Lord Myners, the former City minister, has quit the board of the Co-operative Group.

Lord Myners has recently come under criticism for his plans to reform the troubled group. It’s yet another blow for the group as it faces losses of around £2bn this year.

Last month, the group’s chief executive, Euan Sutherland, resigned for the position, describing the business as “ungovernable”.

Lord Myners plans for reform would see the Co-op Group run much more like a publicly listed company; something that was criticised by Co-op’s largest independent society.

The Group said Lord Myners’ review will continue despite his departure.

Lord Myners’ initial review found that its elected directors had overseen “breathtakingly value-destructive” deals, including the purchases of Britannia and Somerfield.

It also said that the board “consistently produced governors without the necessary qualifications and experience to provide effective board leadership”.

Lord Myners was appointed as a senior independent director in December, charged with conducting the review.

Dr.
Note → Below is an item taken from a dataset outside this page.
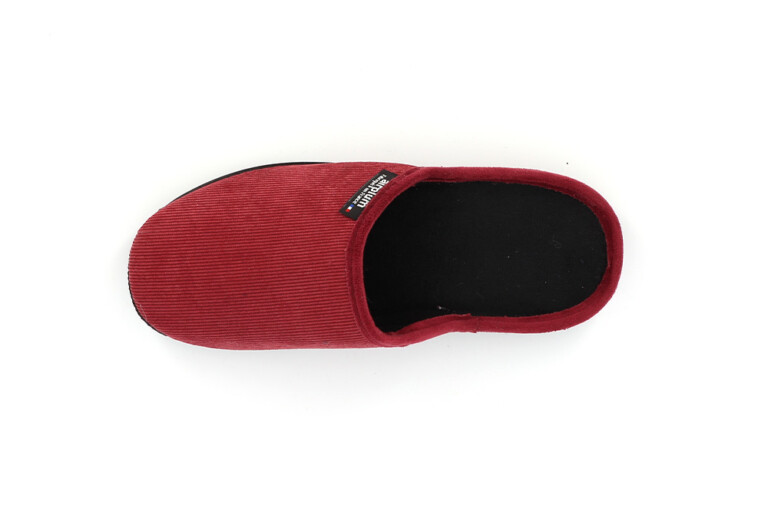 Airplum -
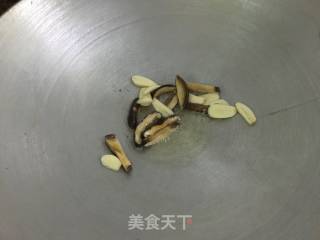 芥蓝杂锦的做法步骤：7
Roger Barker, Director of Corporate Governance at the Institute of Directors, said:

“The resignation of Lord Myners is a worrying sign for the troubled mutual. During the last few years, the board of the Co-op has proved itself to be a poor steward of the organisations’ resources. Decisions have been made which have destroyed large amounts of value and threatened the Co-op’s very existence. Their current model doesn’t work.

“A clear lesson from recent problems is that the board of the Co-op needs to become a competent and professional decision-making body. This requirement is not limited to the Co-op, with its distinctive mutual structure. Such competences are needed by all types of organisation if they are to survive and flourish”.